Loading a Style Sheet

The Java Transformer class is the primary mechanism for writing XML SAX and DOM sources to files. However, if it’s used to perform XSL Transformations, an XSL style sheet must be provided as a parameter to the newTransformer factory method. Once the Tranformer is created with a given style sheet, it can be reused but cannot load a new style sheet.

The .NET XslTransform class provides the Load method to load a style sheet into an existing XslTranform instance. Separating the style sheet loading from the transformer creation allows new style sheets to be loaded into existing XslTransform instances as required.

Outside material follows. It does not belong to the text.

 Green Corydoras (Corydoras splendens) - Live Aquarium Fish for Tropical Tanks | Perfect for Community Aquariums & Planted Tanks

Overloaded versions of the Load method support the loading of the style sheet from a variety of sources, including instances of IXPathNavigable, URL (contained in a String), XmlReader, and XPathNavigator. For example, the following statements load a style sheet from a file named test.xsl in the assembly directory:

XslTransform myTransformer = new XslTransform();
myTransformer.Load("test.xsl");

Additional overloaded Load methods take a System.Xml.XmlResolver instance as a second argument. The XmlResolver is used to load any style sheets referenced by xsl:import or xsl:include statements contained within the loaded style sheet. If an XmlResolver is not specified, a System.Xml.XmlUrlResolver instance with default credentials is used.

Transforming XML Data

The Java Transformer.transform method takes a javax.xml.transform.Source instance, which provides the XML to be transformed, and a javax.xml.transform.Result instance, which provides a destination for the output of the transformation process. Both Source and Result are interfaces; implementations are provided to support input from and output to DOM, SAX, and stream instances.

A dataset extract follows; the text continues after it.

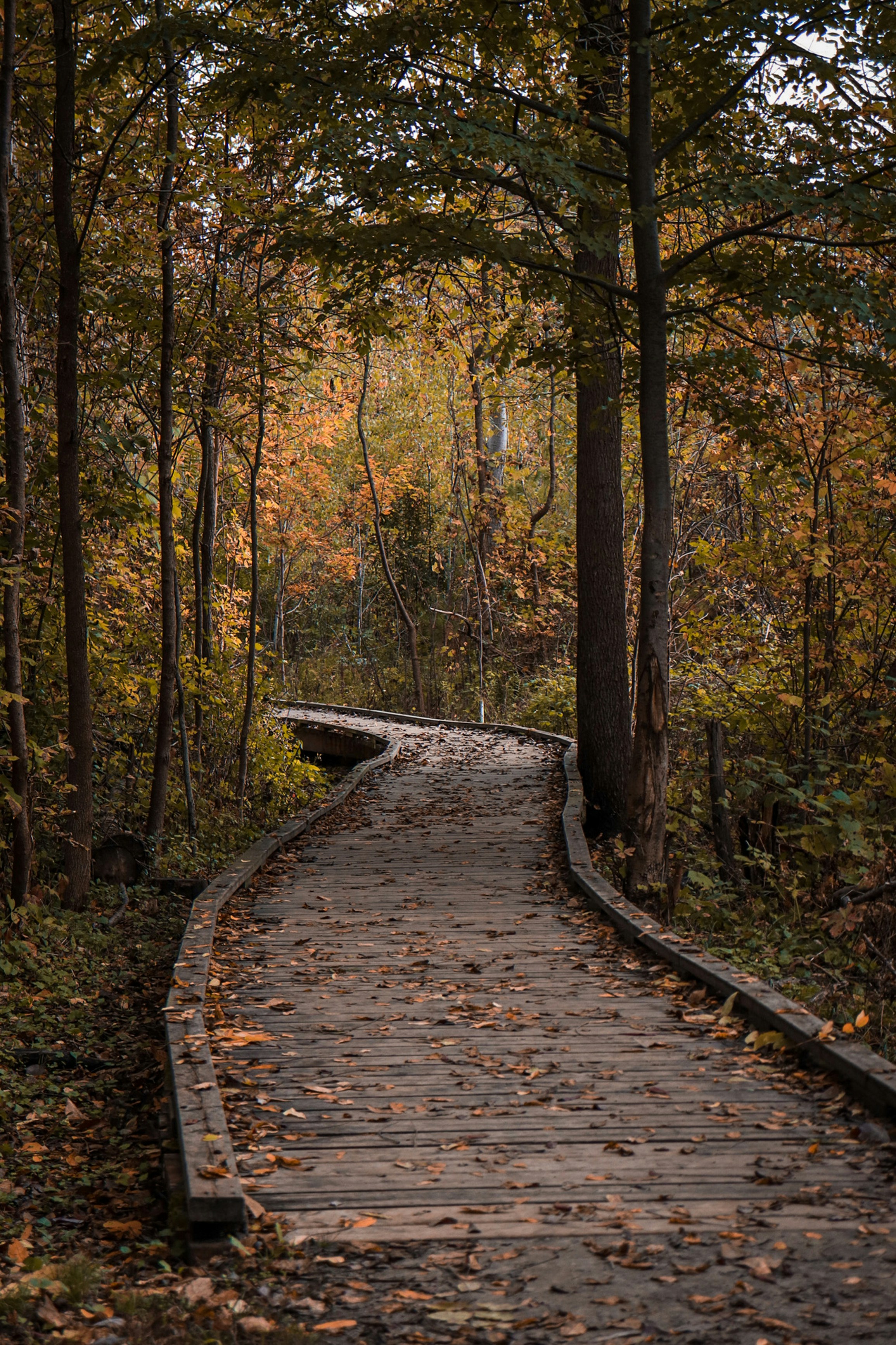 Photo by hlaurphotography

.NET provides a series of overloaded Transform methods that take a wide variety of source and destination references. Many of the Transform methods also take an instance of XsltArgumentList that contains arguments that can be used by the style sheet performing the transformation.

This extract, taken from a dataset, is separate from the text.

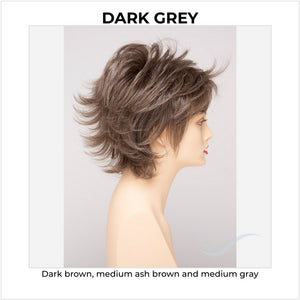 Aria By Envy in Dark Grey-Dark brown, medium ash brown and medium gray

The following code fragment demonstrates the simplest Transform overload, which takes the names of an input and an output file:

XslTransform myTransformer = new XslTransform();
myTransformer.Load("test.xsl");
myTransformer.Transform("input.xml", "output.xml");

More commonly, the source would be an XmlReader or XmlDocument passed to Transform as an IXPathNavigable or XPathNavigator reference, and the output would be a stream, a TextWriter, an XmlWriter, or an XmlReader.